#### Records provided ####
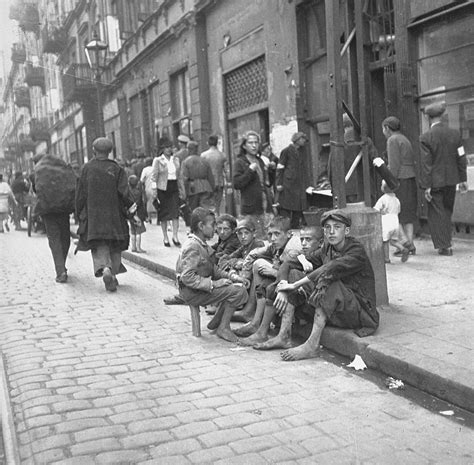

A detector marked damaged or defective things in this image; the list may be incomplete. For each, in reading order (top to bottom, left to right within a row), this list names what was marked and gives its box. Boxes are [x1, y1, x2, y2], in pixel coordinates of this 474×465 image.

ragged jacket [176, 234, 231, 292]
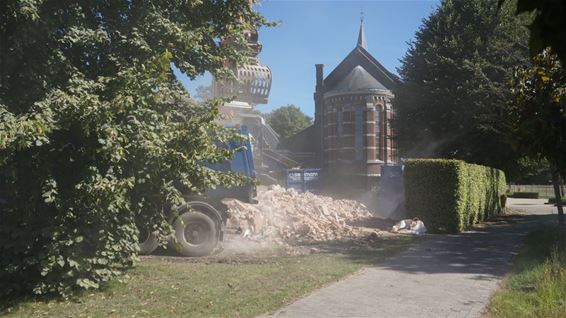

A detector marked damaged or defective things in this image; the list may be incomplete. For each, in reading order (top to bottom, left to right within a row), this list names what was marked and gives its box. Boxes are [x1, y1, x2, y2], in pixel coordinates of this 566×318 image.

broken concrete debris [224, 185, 374, 242]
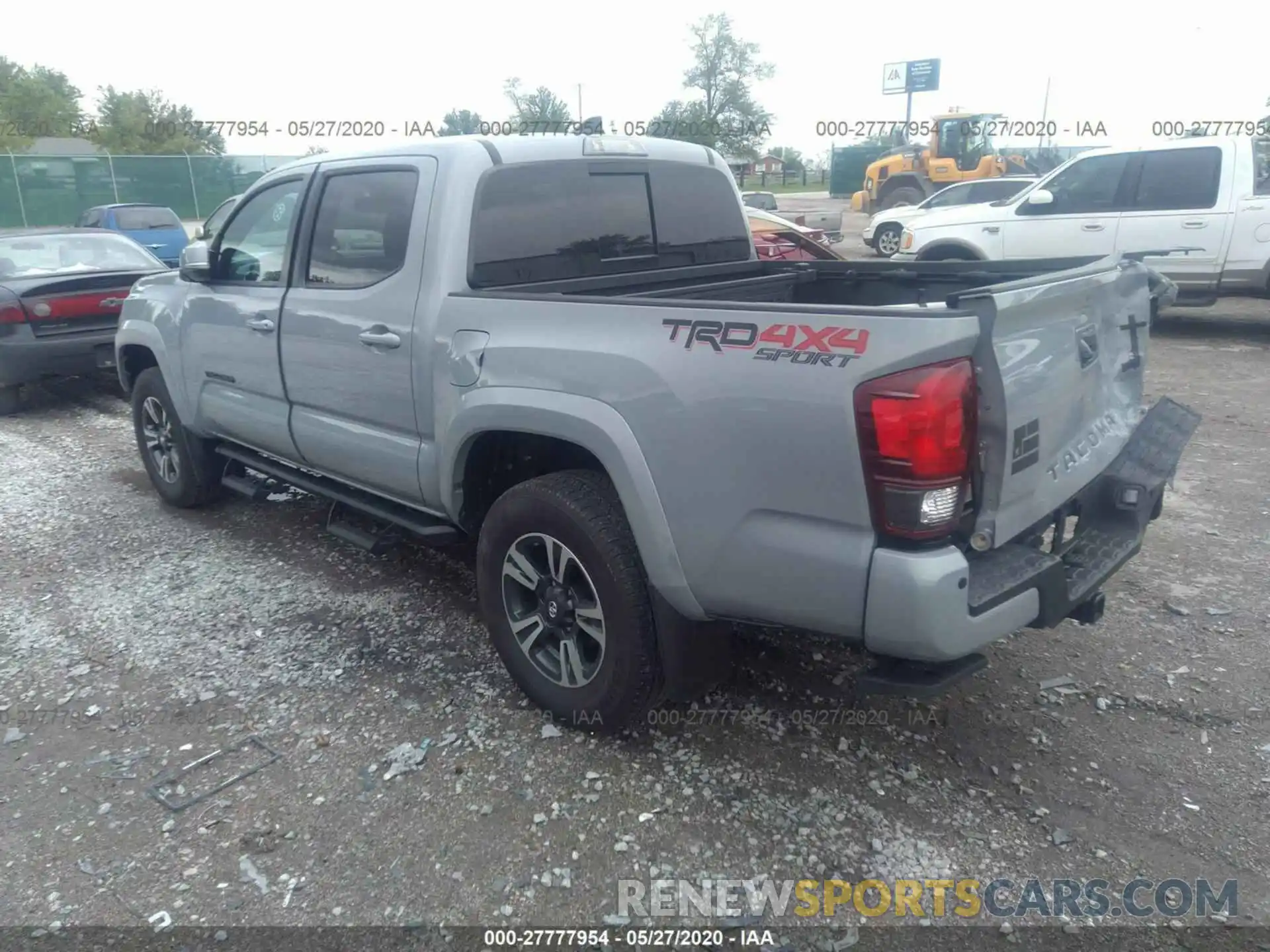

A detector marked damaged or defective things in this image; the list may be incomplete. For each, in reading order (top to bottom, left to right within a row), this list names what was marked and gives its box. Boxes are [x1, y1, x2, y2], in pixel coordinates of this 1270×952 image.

damaged tailgate [954, 257, 1199, 621]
####
* Work request *
With the line containing "this 1270×952 image." as the first and the final line of the entries above as the last, write out that span exactly and nothing more.

* Completed exercise *
A detector marked damaged or defective things in this image; the list may be incomplete. For each, in reading order (top to bottom, left to right within a row), this list names what was marked and gives its box. Boxes are [x1, y1, x2, y2], in pixel coordinates of this 1270×952 image.

damaged tailgate [954, 257, 1199, 621]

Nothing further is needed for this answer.